On the 12th day of Christmas came the 3 Kings
Hispanics gather to share gifts, traditions on January 6. Santa is on vacation, and Christmas trees are getting recycled. The ball has dropped, it’s been almost a week since you had that toast to 2007.
But the holidays aren’t over yet, not if you’re Hispanic. Celebrations continue until January 6, Three Kings Day or El Dia de los Tres Reyes Magos, when the Three Wise Men pay their annual visit and leave gifts for good boys and girls.
According to Christian lore, the Three Wise Men were astronomers who had witnessed from the birth of a star rising over the town of Bethlehem, which foretold of the birth of a great King.

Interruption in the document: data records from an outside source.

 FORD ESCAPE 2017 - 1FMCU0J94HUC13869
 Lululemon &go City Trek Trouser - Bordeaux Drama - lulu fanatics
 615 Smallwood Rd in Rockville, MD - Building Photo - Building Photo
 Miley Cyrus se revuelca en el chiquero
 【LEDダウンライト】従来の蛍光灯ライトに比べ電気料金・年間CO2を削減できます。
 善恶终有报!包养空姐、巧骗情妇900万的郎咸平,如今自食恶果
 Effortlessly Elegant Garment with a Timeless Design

They set out to travel toward the light, riding camels until they reached the town and the manger where Jesus was born.
Before setting off on their journey, King Herod requested that these three wise men inform him on their return of the child’s location. But after paying their respects, an angel appeared to tell them that Herod planned on killing the infant. So instead, the Kings took another way home, avoiding Herod. The Three Kings were also known as the Magi Saints. They gave the baby Jesus gifts of gold, myrrh and frankincense.
For children in Hispanic nations such as Puerto Rico, Cuba, Venezuela and Mexico, Three Kings Day is the day they receive holiday presents. On the night of January 5, children gather up the freshest grass they can find in their back yards, stash it all in a small shoebox with a wish list and place it underneath their beds. When they wake up the next morning, the camels have eaten the hay and have left gifts in appreciation.
“I still celebrate the tradition even if I live and work far away from home,” said Vanessa Fernandez. “I remember being a young girl in Puerto Rico, picking out the greenest grass, serving some water in a bowl for the camels to drink if they were thirsty, and just waiting for all those gifts Santa Claus had forgotten to bring me. It’s a beautiful illusion you have as a child that you always keep fond memories of.”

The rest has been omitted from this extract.